Ed Vyent

Personal information
- Full name: Eddy Vijent
- Date of birth: 3 March 1963
- Place of birth: Amsterdam, Netherlands
- Date of death: 22 October 2001 (aged 38)
- Place of death: Amsterdam, Netherlands
- Position: Midfielder

Senior career*
- Years: Team / Apps / (Gls)
- ????–????: AZ '67
- 1984–1988: FC Volendam / 26 / (4)
- 1990–1991: Telstar / 14 / (0)

= Ed Vijent =

Dutch footballer (1963–2001)

Eddy "Ed" Vyent (3 March 1963 – 22 October 2001) was a Dutch footballer.

During his career he served AZ '67, FC Volendam and Telstar. He died at the age of 38, when on 22 October 2001 he was killed by a neighbour after some arguments about parked scooters. He was nicknamed "Eddy Love" and he is not related to Florian Vijent.

==Club career==
Vijent who was a lefty was able to play in either the defence, the midfield or the attack, but was mainly used as a midfielder. He made his professional debut at AZ but made a move towards FC Volendam. With this team he promoted in 1987 from the Eerste Divisie to the Eredivisie, the highest level in Dutch football. He ended his career after playing a few seasons for Telstar.

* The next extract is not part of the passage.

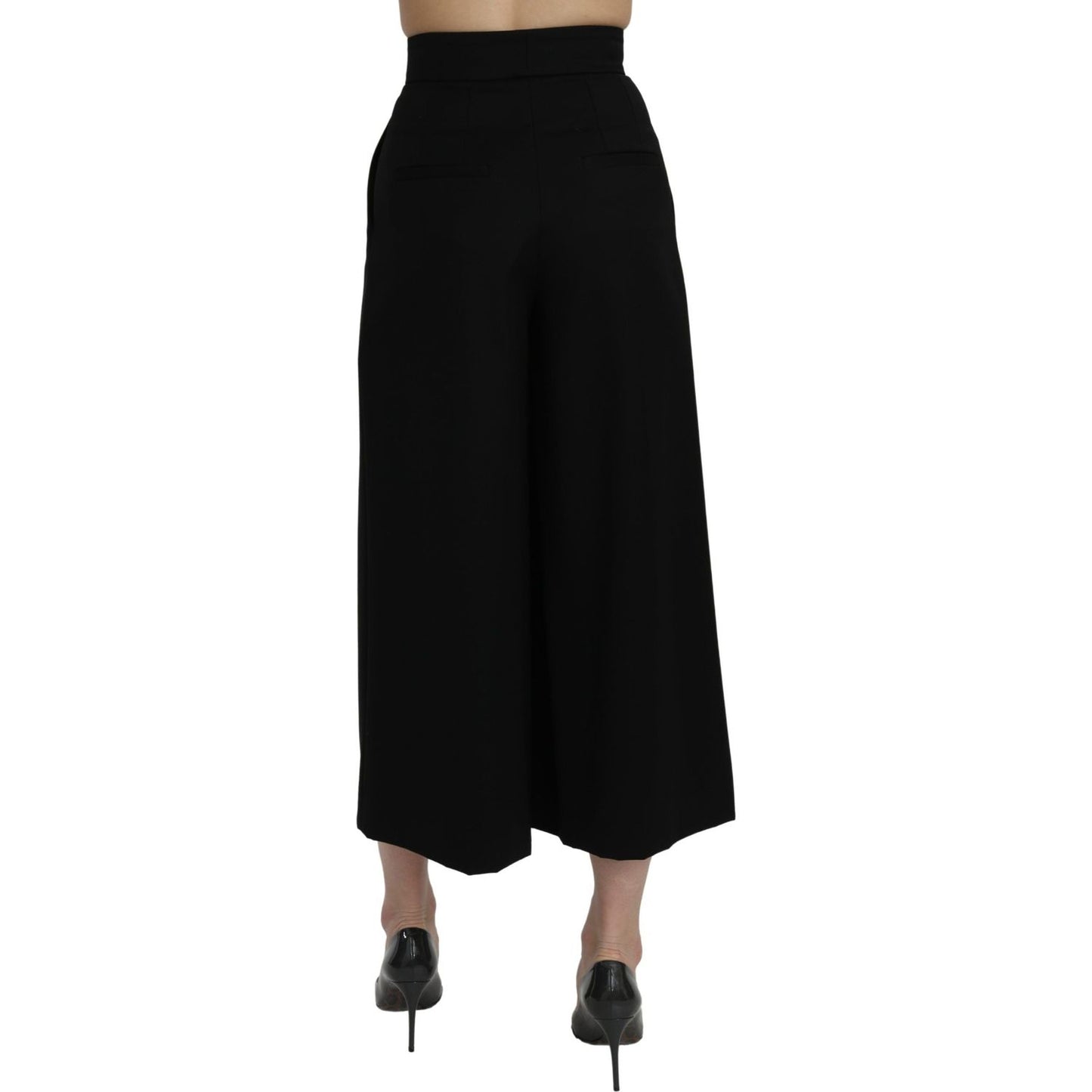 Dolce & Gabbana Black High Waist Wide Leg Cropped Pants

After his career Vijent lived in Amsterdam and played some football for amateur side De Germaan.

==Death==
On 22 October 2001 Vyent was killed by a neighbour who lived a few homes away. The cause was a long term discussion about a parking spot in front of the house of the suspect. The spot used to be filled up with the car of their disabled father, but after the divorce of their parents his sons used it to park their scooters. When a truck driver wanted to park his truck at the spot Vijent decided to move the scooters, causing a fight with the brothers. Two police officers came in between, but later the suspects came back to Vijent to threaten him. When he opened the door Vijent was stabbed to death.